For the last 22 years, Dr. Pepperberg has been teaching Alex, who is 23, to do complex tasks of the sort that only a few nonhuman species -- chimpanzees, for instance -- have been able to perform. But unlike those other creatures, Alex can talk, or at least, he can vocalize. And, Dr. Pepperberg says, Alex doesn't just imitate human speech, as other parrots do -- Alex can think. His actions are not just an instinctive response, she says, but rather a result of reasoning and choice.
Assertions like Dr. Pepperberg's are at the center of a highly emotional debate about whether thought is solely the domain of humans, or whether it can exist in other animals. Although many people are intrigued by the idea that animals may be capable of some form of abstract reasoning and communication, scientists often ascribe what looks like clever behavior to mimicry or rote learning or even, in some cases, unconscious cues by a trainer.

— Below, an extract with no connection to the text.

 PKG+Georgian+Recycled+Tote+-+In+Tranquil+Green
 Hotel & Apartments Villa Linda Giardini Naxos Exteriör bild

Dr. Pepperberg, listing Alex's accomplishments, said he could identify 50 different objects and recognize quantities up to 6; that he could distinguish 7 colors and 5 shapes, and understand "bigger," "smaller," "same" and "different," and that he was learning the concepts of "over" and "under." Hold a tray of different shapes and colored objects in front of him, as Dr. Pepperberg was doing the other day as a reporter watched, and he can distinguish an object by its color, shape and the material it is made of. (Dr. Pepperberg said she frequently changed objects to make sure Alex wasn't just memorizing things and that she structured experiments to avoid involuntary cues from his examiner).